**Problem:** From the first line of the records below, transcribe each line exactly up to and including the one with "May include: A"; pictures stay out.

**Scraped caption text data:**
--- START ---

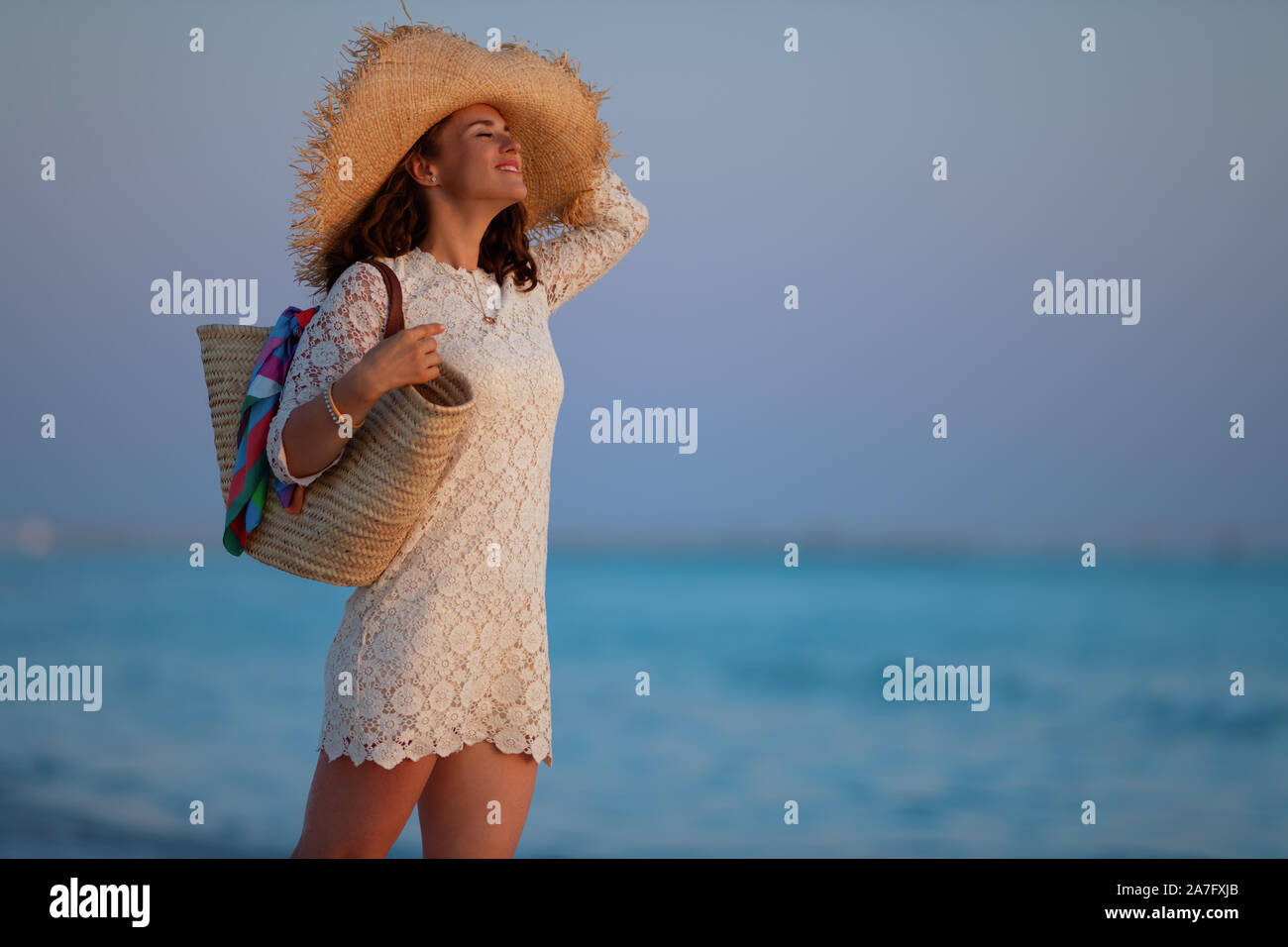 Side view of happy young woman in white dress and straw hat on the ...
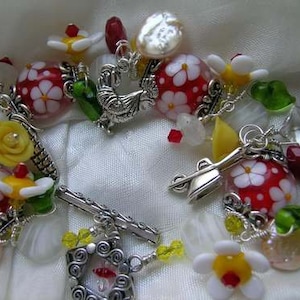 May include: A silver charm bracelet featuring red, white and yellow glass beads, silver charms and a small silver locket. The bracelet includes a variety of floral and garden-themed charms, such as a flower, a spade and a rooster.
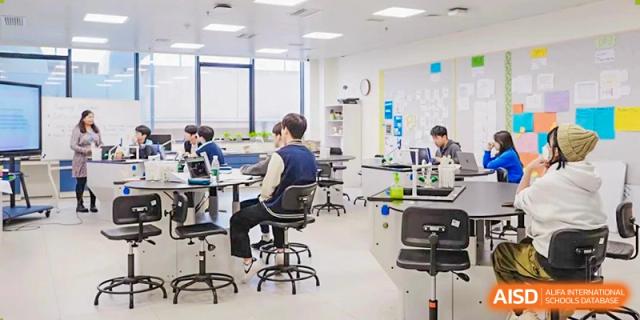 Students at Xi'an Liangjiatan International School work individually on laptops and at tables in a bright, modern learning space.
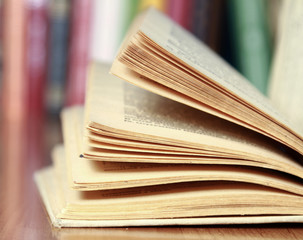 Book on the desk against books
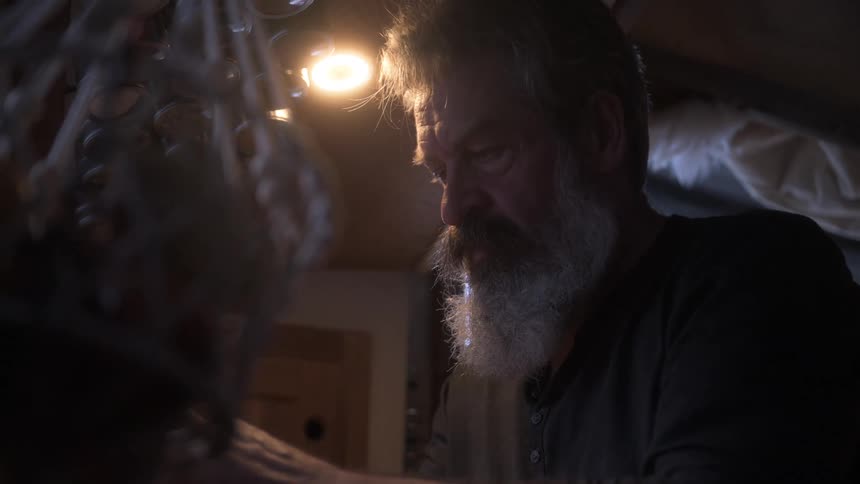 A focused bearded man works intently under a single overhead light in a dimly lit room
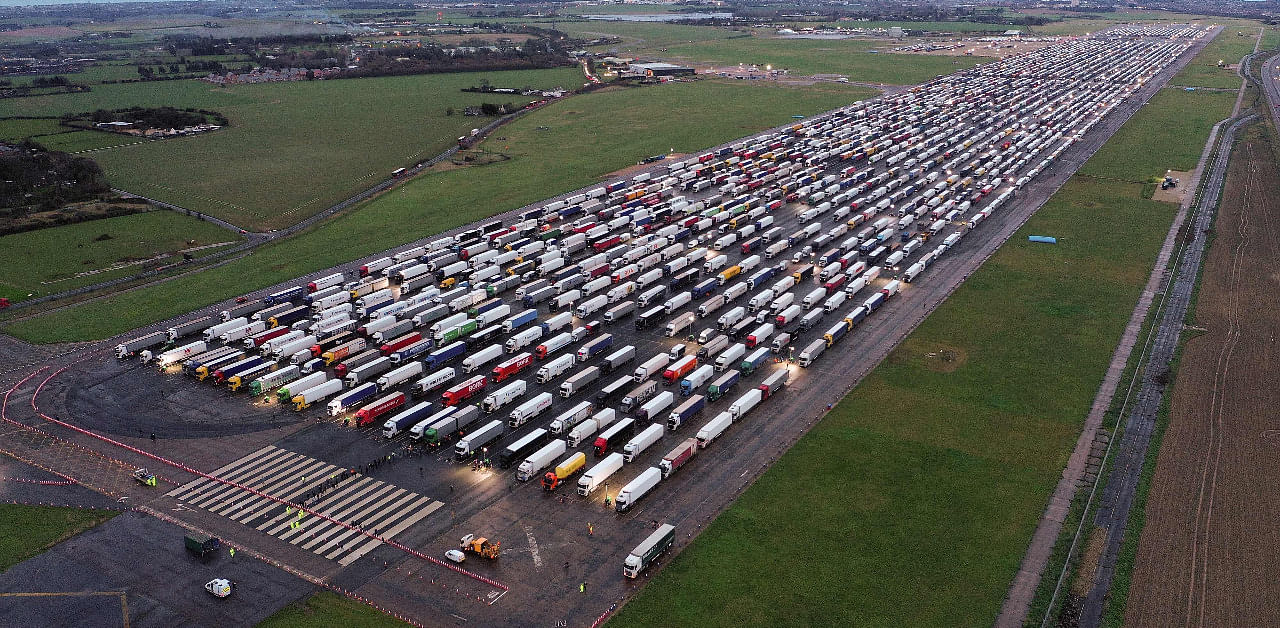 An aerial view shows lines of freight lorries and heavy goods vehicles parked on the tarmac at Manston Airport near Ramsgate, south east England. Credit: AFP Photo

--- END ---

**Problem solution:**
 Side view of happy young woman in white dress and straw hat on the ...
 May include: A silver charm bracelet featuring red, white and yellow glass beads, silver charms and a small silver locket. The bracelet includes a variety of floral and garden-themed charms, such as a flower, a spade and a rooster.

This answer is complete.